Active and hibernating turbulence in minimal channel flow of Newtonian and polymeric fluids

TL;DR

This study simulates turbulent channel flow of Newtonian and polymeric fluids in minimal geometries, revealing hibernating turbulence intervals that resemble the maximum drag reduction state, with increased viscoelasticity leading to more frequent MDR-like flows.

Contribution

It uncovers the existence of hibernating turbulence intervals in minimal channel flows and links viscoelasticity to increased MDR-like behavior, advancing understanding of drag reduction mechanisms.

Findings

Hibernating turbulence features resemble the MDR asymptote.

Frequency of hibernating intervals increases with viscoelasticity.

Flow characteristics match experimental observations of drag reduction.

Abstract

Turbulent channel flow of drag-reducing polymer solutions is simulated in minimal flow geometries.

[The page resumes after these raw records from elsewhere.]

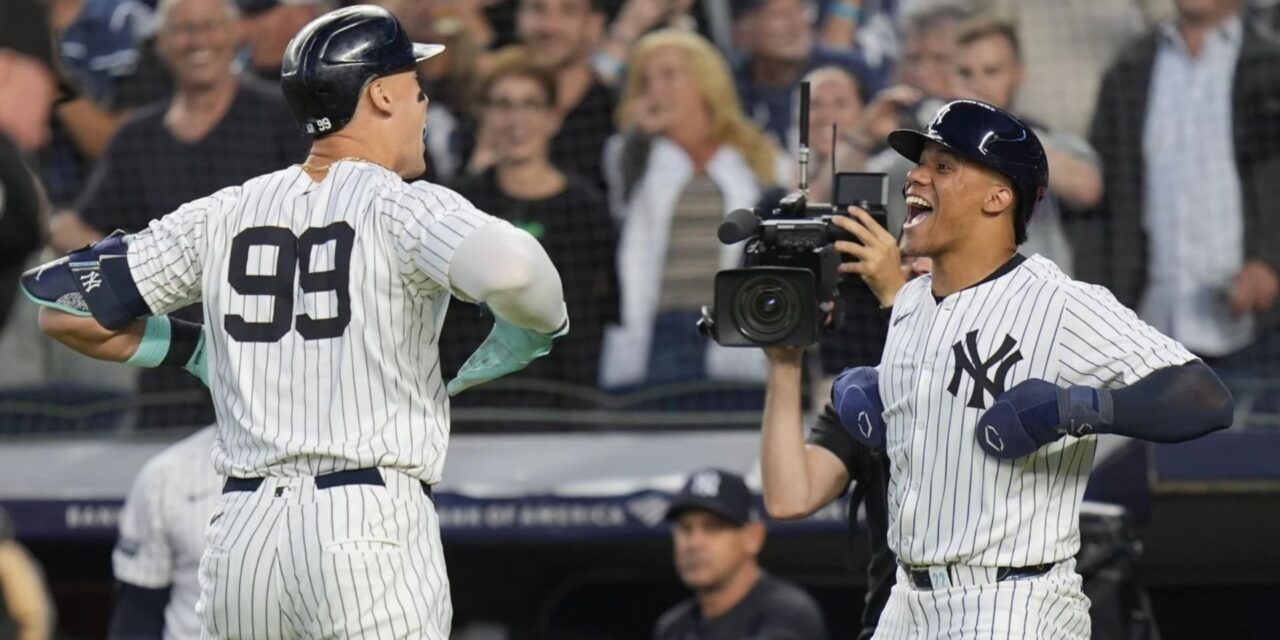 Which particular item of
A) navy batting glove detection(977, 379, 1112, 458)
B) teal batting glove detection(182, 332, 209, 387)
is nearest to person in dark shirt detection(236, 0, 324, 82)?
teal batting glove detection(182, 332, 209, 387)

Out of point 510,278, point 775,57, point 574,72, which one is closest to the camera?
point 510,278

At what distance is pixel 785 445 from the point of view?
3625mm

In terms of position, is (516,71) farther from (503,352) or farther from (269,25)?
(503,352)

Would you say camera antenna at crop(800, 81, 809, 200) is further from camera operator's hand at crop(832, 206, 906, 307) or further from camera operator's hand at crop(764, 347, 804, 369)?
camera operator's hand at crop(764, 347, 804, 369)

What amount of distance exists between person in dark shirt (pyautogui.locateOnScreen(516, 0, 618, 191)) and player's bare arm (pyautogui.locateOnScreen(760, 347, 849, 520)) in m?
3.50

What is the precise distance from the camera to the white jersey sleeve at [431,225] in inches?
116

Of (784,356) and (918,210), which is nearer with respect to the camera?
(918,210)

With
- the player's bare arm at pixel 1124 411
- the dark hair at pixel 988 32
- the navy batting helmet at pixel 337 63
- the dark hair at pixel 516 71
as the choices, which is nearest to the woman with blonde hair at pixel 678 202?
the dark hair at pixel 516 71

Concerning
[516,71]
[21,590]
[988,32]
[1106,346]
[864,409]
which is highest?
[988,32]

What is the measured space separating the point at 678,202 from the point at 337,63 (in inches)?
150

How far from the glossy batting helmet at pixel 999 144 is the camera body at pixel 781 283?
0.41 m

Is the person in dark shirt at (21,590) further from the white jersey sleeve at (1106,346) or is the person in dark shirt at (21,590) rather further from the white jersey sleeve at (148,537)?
the white jersey sleeve at (1106,346)

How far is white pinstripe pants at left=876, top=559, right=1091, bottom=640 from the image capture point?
3.00 meters

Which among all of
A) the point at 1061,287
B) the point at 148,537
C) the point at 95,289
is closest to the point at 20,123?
the point at 148,537
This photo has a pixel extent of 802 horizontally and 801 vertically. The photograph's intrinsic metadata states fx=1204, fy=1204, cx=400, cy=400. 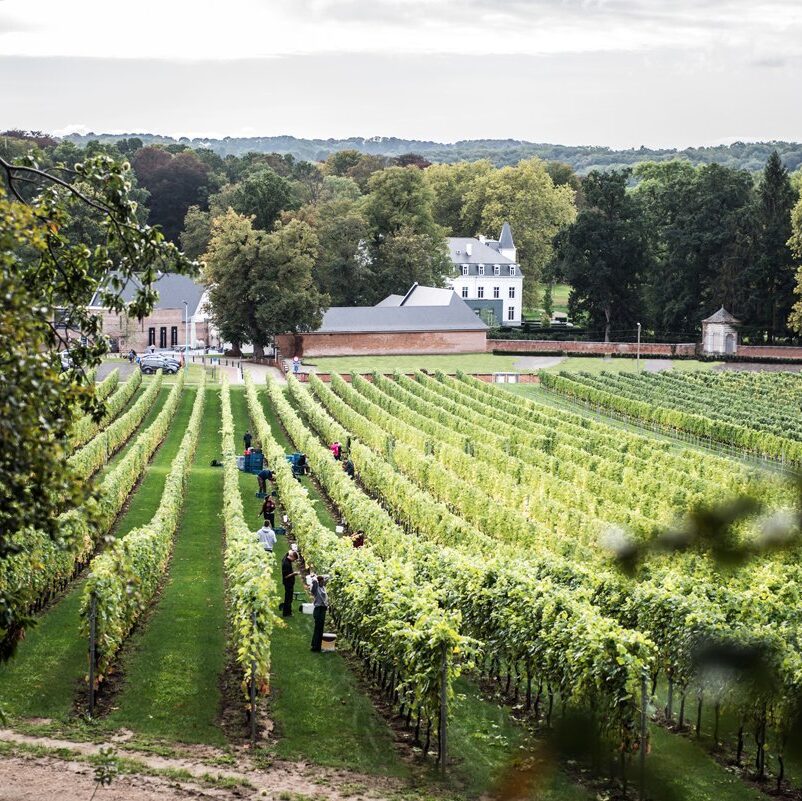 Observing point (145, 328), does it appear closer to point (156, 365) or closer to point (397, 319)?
point (156, 365)

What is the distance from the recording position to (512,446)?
1747 inches

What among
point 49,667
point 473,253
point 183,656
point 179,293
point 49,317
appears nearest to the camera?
point 49,317

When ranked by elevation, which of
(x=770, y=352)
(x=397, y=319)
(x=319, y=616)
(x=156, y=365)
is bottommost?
(x=319, y=616)

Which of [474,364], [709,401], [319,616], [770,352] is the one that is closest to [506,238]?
[474,364]

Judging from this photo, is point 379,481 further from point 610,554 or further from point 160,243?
point 610,554

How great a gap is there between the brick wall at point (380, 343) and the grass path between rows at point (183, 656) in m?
56.4

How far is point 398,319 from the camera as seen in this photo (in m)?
92.7

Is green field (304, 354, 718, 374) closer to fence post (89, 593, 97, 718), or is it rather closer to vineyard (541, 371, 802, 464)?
vineyard (541, 371, 802, 464)

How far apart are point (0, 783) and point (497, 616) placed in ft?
26.0

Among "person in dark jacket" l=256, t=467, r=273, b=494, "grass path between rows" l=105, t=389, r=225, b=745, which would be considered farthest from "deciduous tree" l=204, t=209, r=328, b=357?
"grass path between rows" l=105, t=389, r=225, b=745

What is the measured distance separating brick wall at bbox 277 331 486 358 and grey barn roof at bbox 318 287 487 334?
0.41 metres

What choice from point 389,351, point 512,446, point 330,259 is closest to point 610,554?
point 512,446

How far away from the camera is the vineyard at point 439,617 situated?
277 cm

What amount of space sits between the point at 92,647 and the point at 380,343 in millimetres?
74904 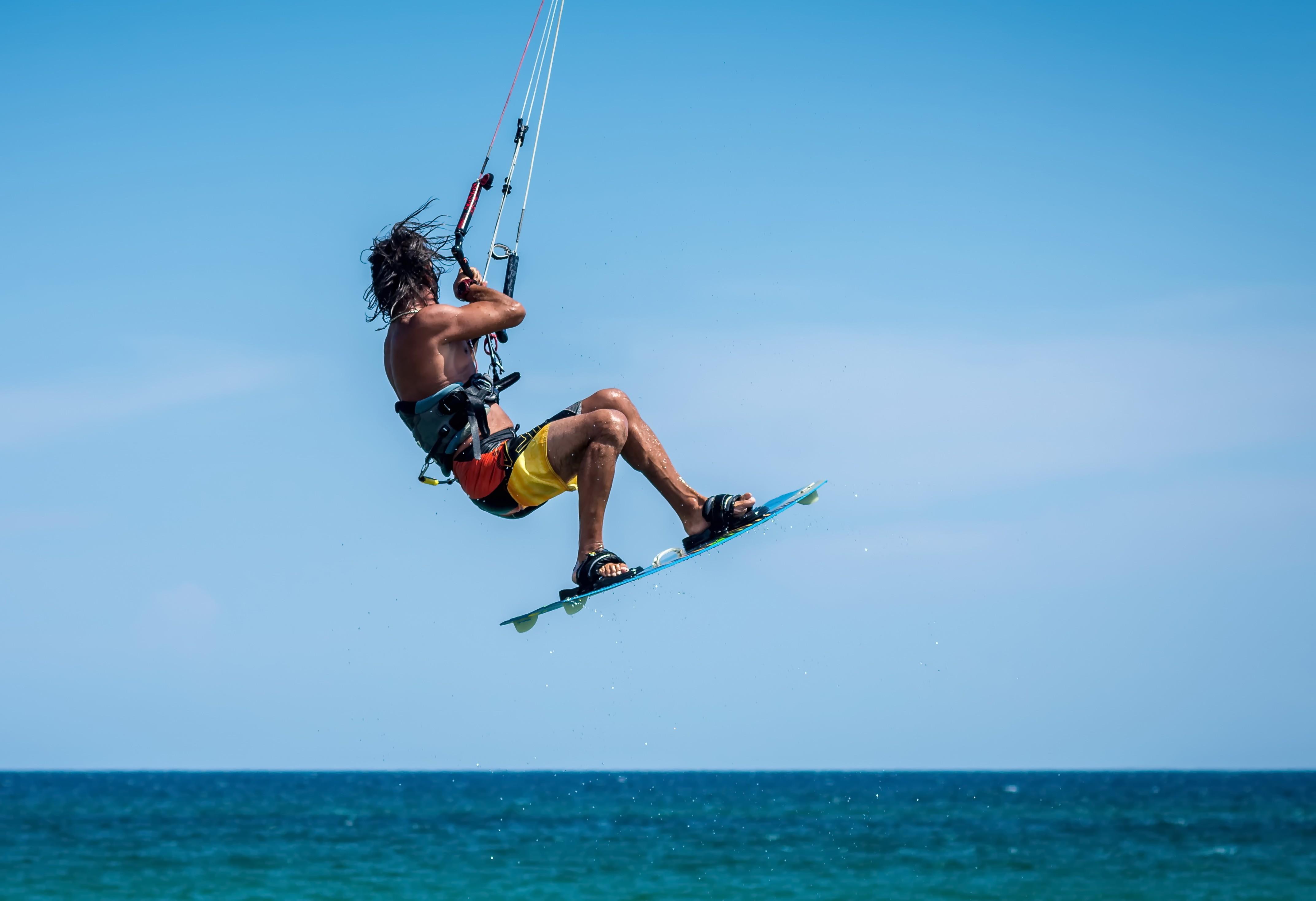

Even in the Newtonian limit, we find intervals of "hibernating" turbulence that display many features of the universal maximum drag reduction (MDR) asymptote observed in polymer solutions: weak streamwise vortices, nearly nonexistent streamwise variations and a mean velocity gradient that quantitatively matches experiments. As viscoelasticity increases, the frequency of these intervals also increases, while the intervals themselves are unchanged, leading to flows that increasingly resemble MDR.